#### Information supplied
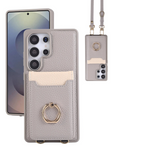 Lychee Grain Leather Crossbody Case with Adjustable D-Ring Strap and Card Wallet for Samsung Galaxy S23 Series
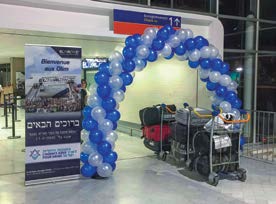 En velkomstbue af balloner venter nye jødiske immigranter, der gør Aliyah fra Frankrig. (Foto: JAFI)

* * *

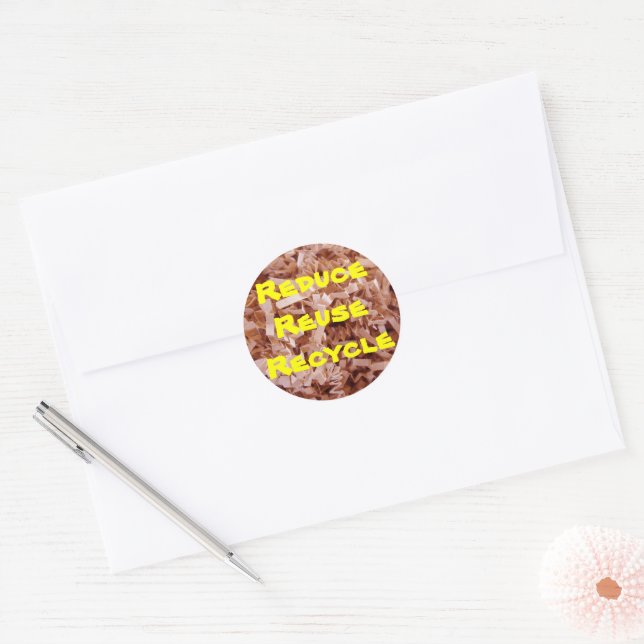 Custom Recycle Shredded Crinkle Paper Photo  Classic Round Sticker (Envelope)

#### Task goal
Every line above in the stretch from the one with "Lychee Grain Leather" through the one with "En velkomstbue af" is to be transcribed exactly, ends included. No picture is copied.

#### Task solution
 Lychee Grain Leather Crossbody Case with Adjustable D-Ring Strap and Card Wallet for Samsung Galaxy S23 Series
 En velkomstbue af balloner venter nye jødiske immigranter, der gør Aliyah fra Frankrig. (Foto: JAFI)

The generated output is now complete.